── Dataset excerpts

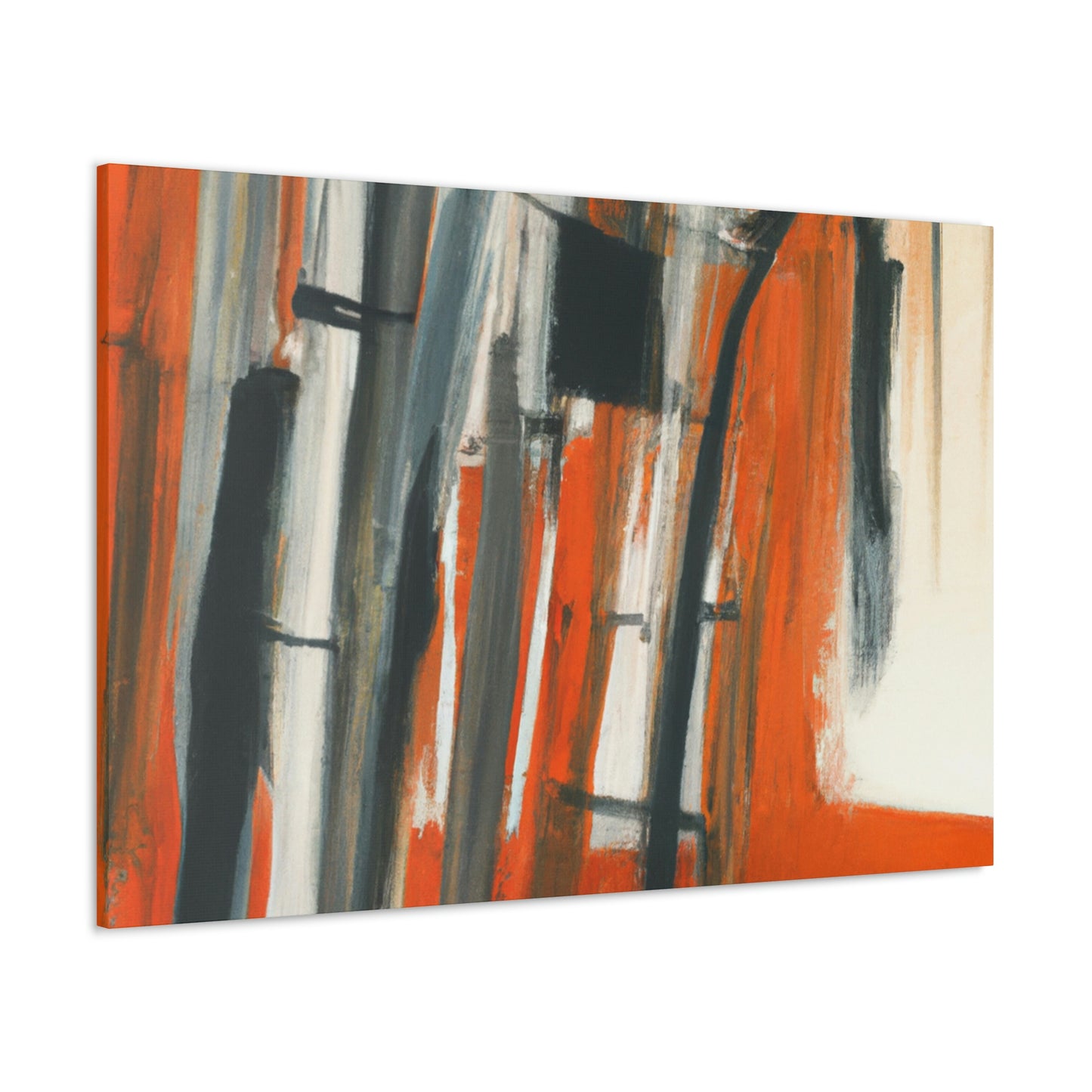 Pieter de Hooch - canvas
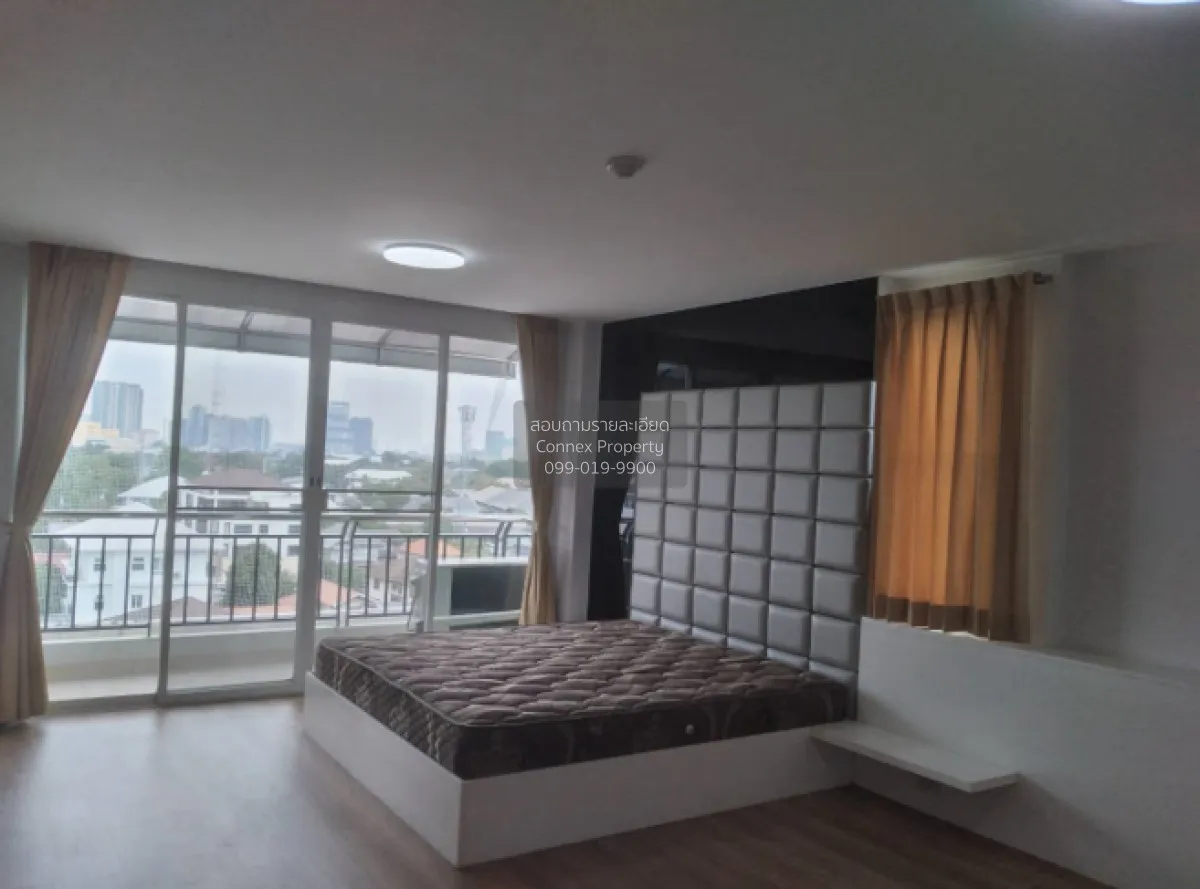 For Rent Condo , Baan Samsen Condominium , Thanon Nakhon Chai Si  4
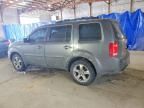 2012 Honda Pilot exl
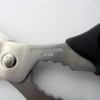 Nagao Seki Kitchen Scissors, 7.1 inches (18 cm), Disassemble and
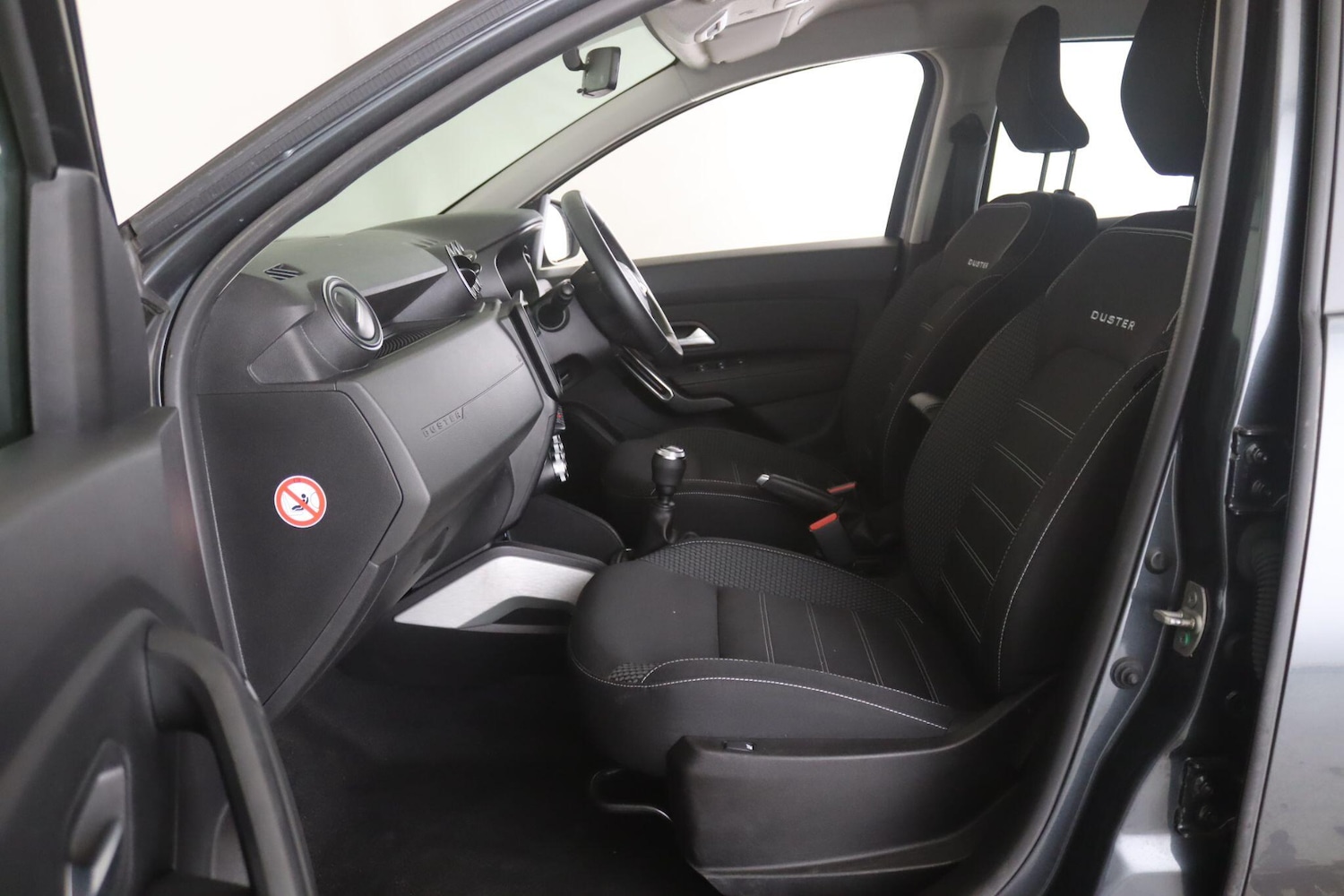 Used Dacia Duster 2022 for sale - 77130889: Photo 10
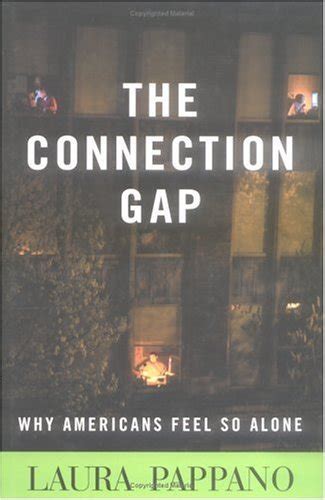 The Connection Gap: Why Americans Feel so Alone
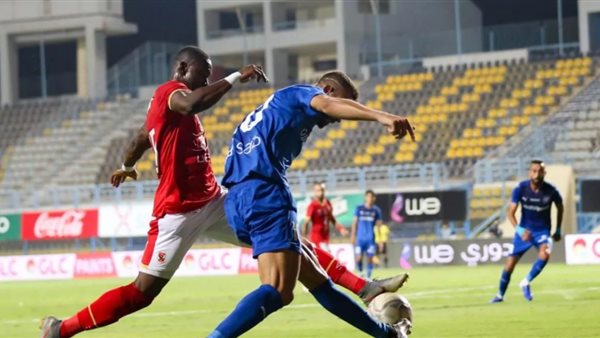 جانب من مباراة سابقة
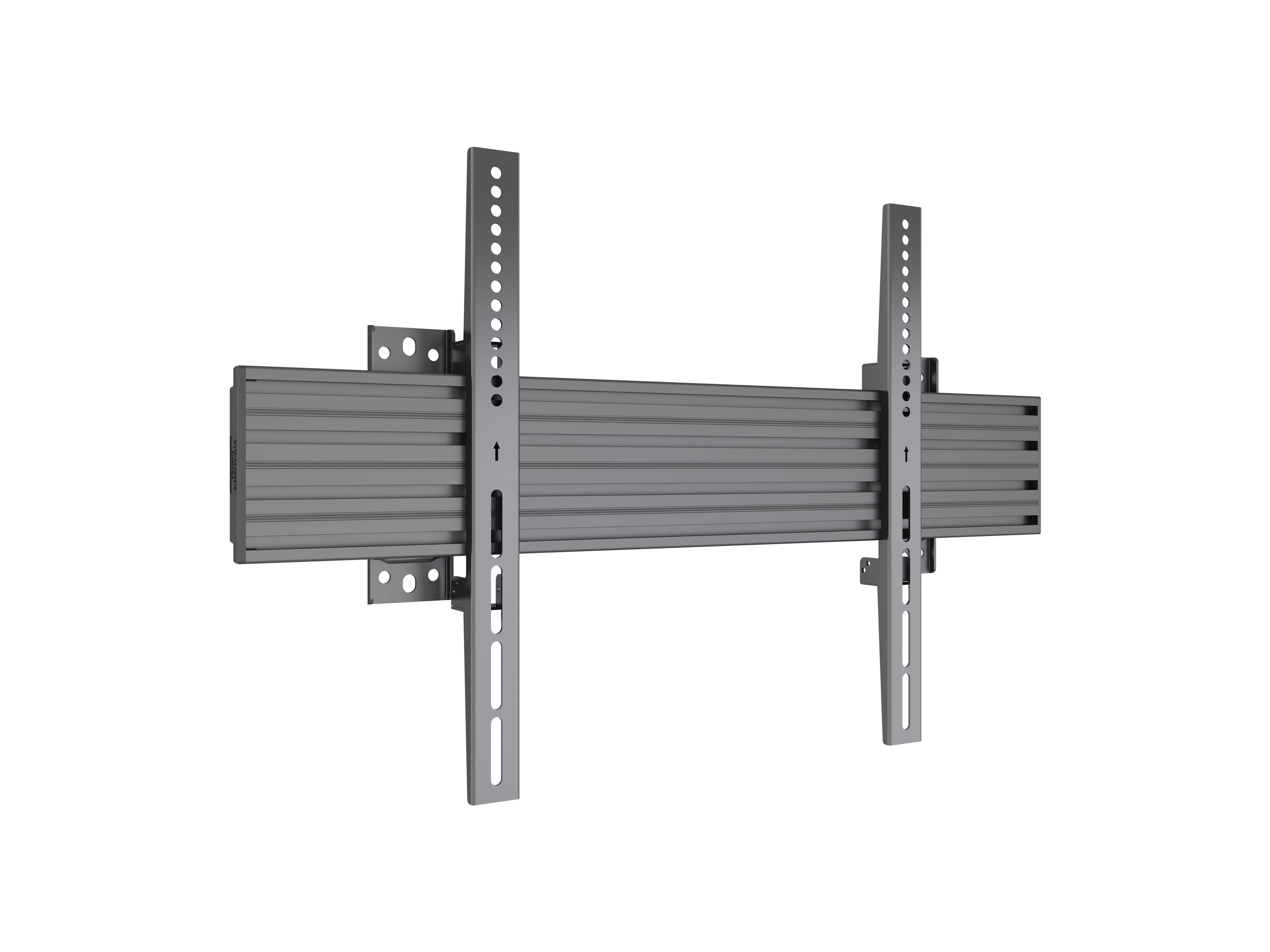 M Wallmount Pro MBW1U VESA 600 Fixed Black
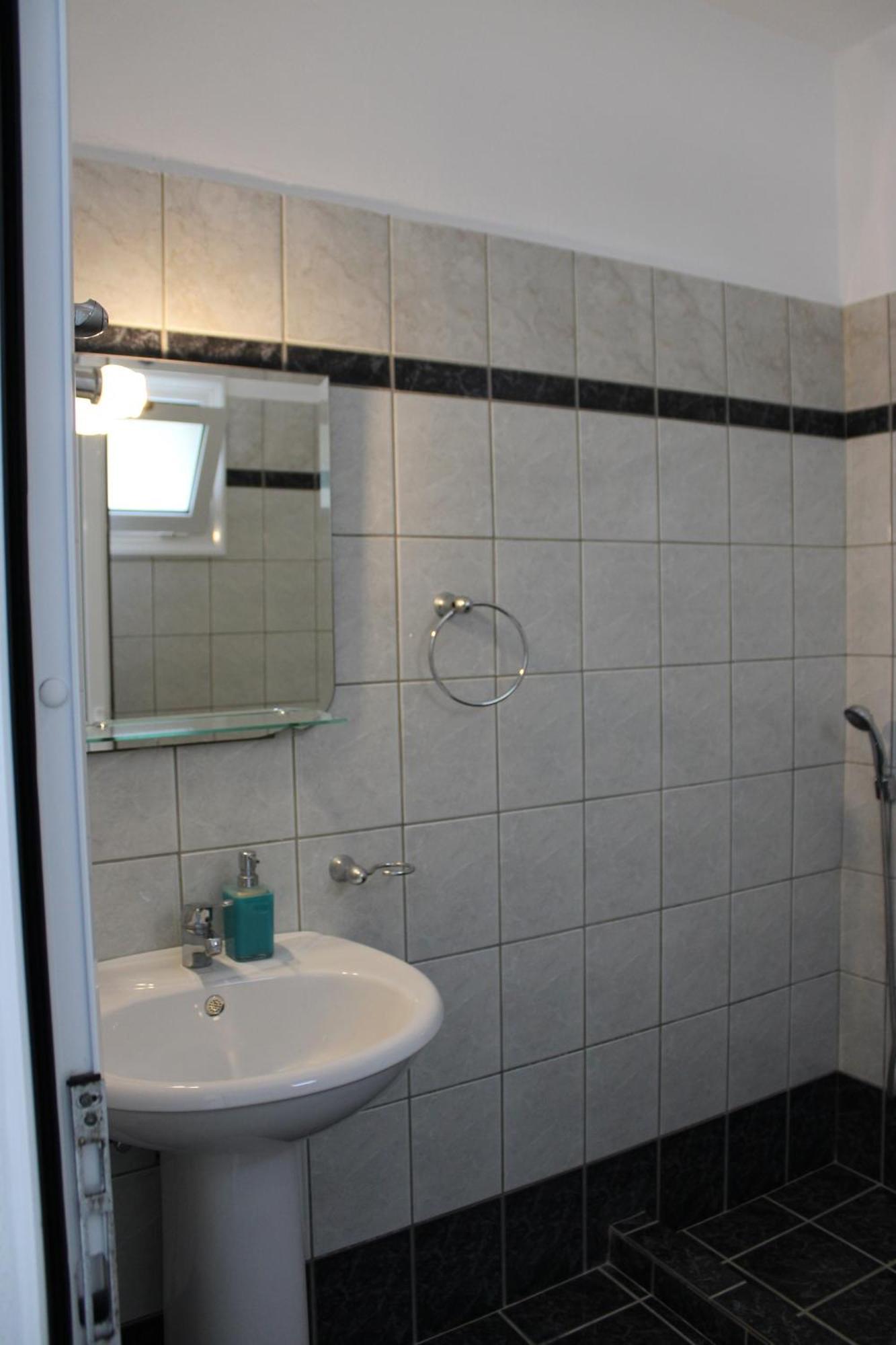 Villa Nouli Sarakiniko  Ngoại thất bức ảnh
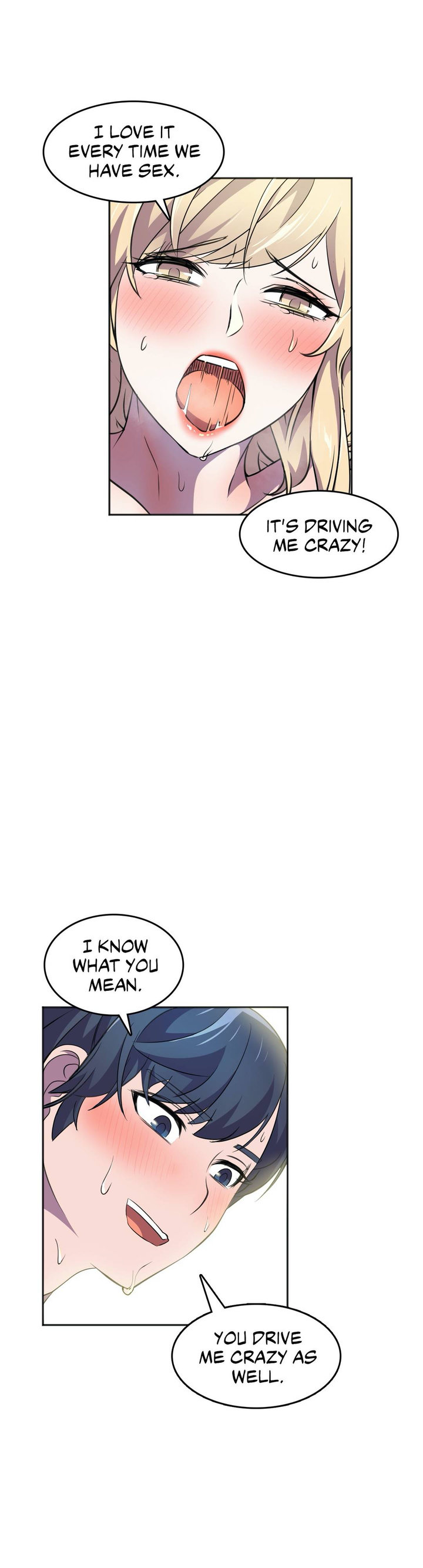 Hero Manager - Chapter 20 [photo 41] - MangaPorn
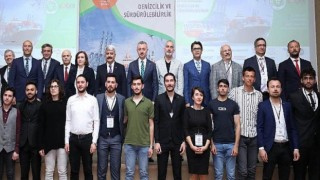 Başkan: Türkiye’de lojistik mastır plan yapan ilk belediye Kocaeli Büyükşehir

────

◆ What you need to do: Repeat the material verbatim. Do not carry over any picture.

◆ Problem solution:
 Pieter de Hooch - canvas
 For Rent Condo , Baan Samsen Condominium , Thanon Nakhon Chai Si  4
 2012 Honda Pilot exl
 Nagao Seki Kitchen Scissors, 7.1 inches (18 cm), Disassemble and
 Used Dacia Duster 2022 for sale - 77130889: Photo 10
 The Connection Gap: Why Americans Feel so Alone
 جانب من مباراة سابقة
 M Wallmount Pro MBW1U VESA 600 Fixed Black
 Villa Nouli Sarakiniko  Ngoại thất bức ảnh
 Hero Manager - Chapter 20 [photo 41] - MangaPorn
 Başkan: Türkiye’de lojistik mastır plan yapan ilk belediye Kocaeli Büyükşehir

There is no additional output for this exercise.